GIVEN INFORMATION >>
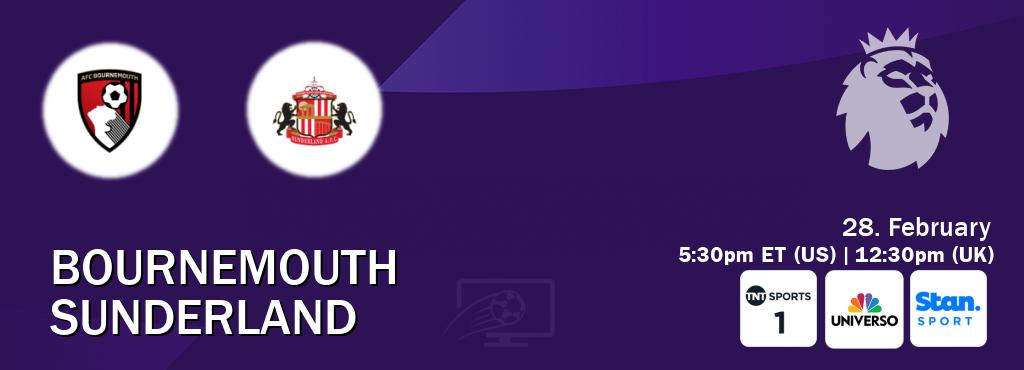 You can watch game live between Bournemouth and Sunderland on TNT Sports 1(UK), UNIVERSO(US), Stan Sport(AU).
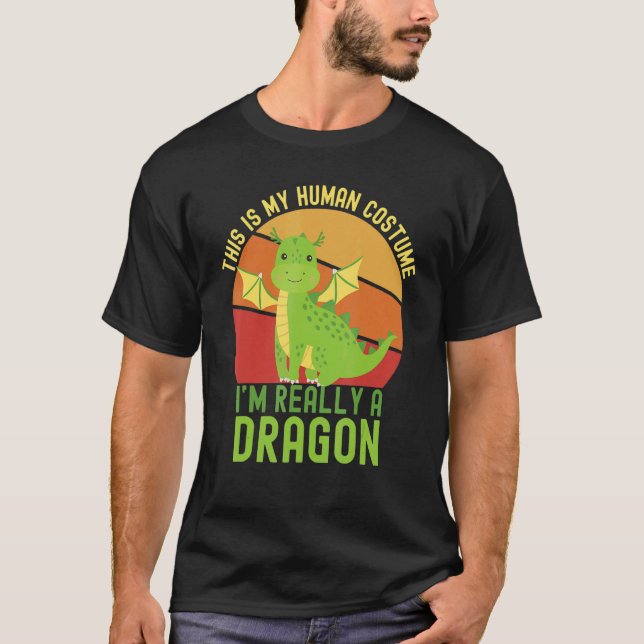 Weird This is My Human Costume I'm Really A Dragon T Shirt (Framsida)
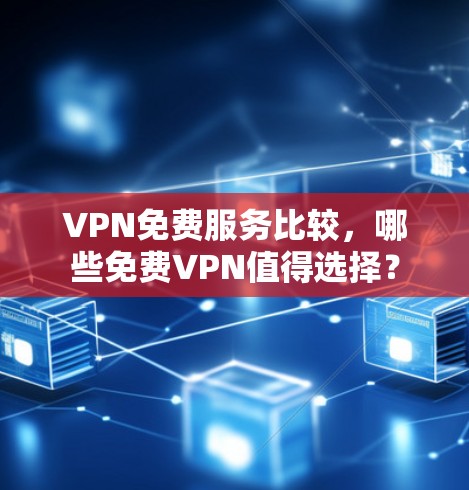 VPN免费服务比较，哪些免费VPN值得选择？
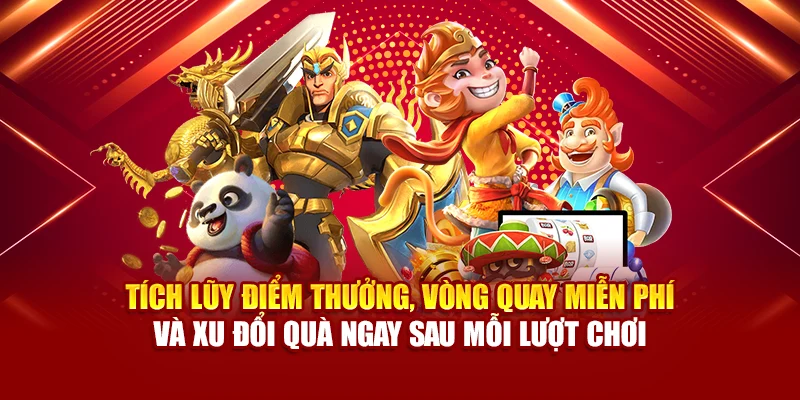 Tích lũy điểm thưởng, vòng quay miễn phí và xu đổi quà ngay sau mỗi lượt chơi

ACTIVITY >>
Transcribe all of the data above verbatim but omit every picture.

RESULT OF THIS TASK >>
 You can watch game live between Bournemouth and Sunderland on TNT Sports 1(UK), UNIVERSO(US), Stan Sport(AU).
 Weird This is My Human Costume I'm Really A Dragon T Shirt (Framsida)
 VPN免费服务比较，哪些免费VPN值得选择？
 Tích lũy điểm thưởng, vòng quay miễn phí và xu đổi quà ngay sau mỗi lượt chơi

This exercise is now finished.